I try to parse the call of a function, here are the variants:
add 8 2
add x y
add (inc x) (dec y)
funcWithoutArgs
Depending on how I distribute my analyzers in the code, and perhaps also how they are coded, I get errors, as well as successful but unwanted analyses. For example, this:
add 4 7
returns the following AST:
[Call ("foo",[Number 4]);
Number 7]
He therefore only takes the first parameter.
When I do that:
foo x y
He sends me back this AST:
[Call ("foo",[Call ("x",[Call ("y",[])])])]
And that's not what I want, since here, each parameter calls the next one as a parameter.
Another example, when I do this:
foo x y
inc x
I get:
[Call ("foo",[Call ("x",[Call ("y",[Call ("inc",[Call ("x",[])])])])])]
It does the same as above, but also calls the code that follows the line. When I ask my analyzer for a new line (see code), it sends me this:
[Call ("foo",[]); Call ("x",[]); Call ("y",[]); Call ("inc",[]); Call ("x",[])]
Even in brackets it doesn't work:
foo (x) (y)
Give:
[Call ("foo",[]); Call ("x",[]); Call ("y",[])]
And:
add (inc x) (dec y)
Give:
Error in Ln: 1 Col: 1
Note: The error occurred on an empty line.

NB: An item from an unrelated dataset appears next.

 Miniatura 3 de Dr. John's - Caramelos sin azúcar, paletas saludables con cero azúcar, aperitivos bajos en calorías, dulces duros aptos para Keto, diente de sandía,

The parser backtracked after:
Error in Ln: 2 Col: 5
add (inc x) (dec y)
^
Expecting: end of input or integer number (32-bit, signed)
The parser backtracked after:
Error in Ln: 2 Col: 10
add (inc x) (dec y)
^
Expecting: ')'
[]
In short, my function call analyzer does not work properly. Every time I change something, like a new line, an attempt, or a different hierarchy, something doesn't work... Do you have any idea how to solve this very annoying problem?
Here is the minimum functional code that was used:
open FParsec
// Ast
type Expression =
| Number of int
| Call of string * Expression list
type Program = Expression list
// Tools
let private bws p =
spaces >>? p .>>? spaces
let private suiteOf p =
sepEndBy p spaces1
let inline private betweenParentheses p label =
between (pstring "(") (pstring ")") p
<?> (label + " between parentheses")
let private identifier =
many1Satisfy2 isLetter (fun c -> isLetter c)
// Expressions
let rec private call = parse {
let! call = pipe2 (spaces >>? identifier) (spaces >>? parameters)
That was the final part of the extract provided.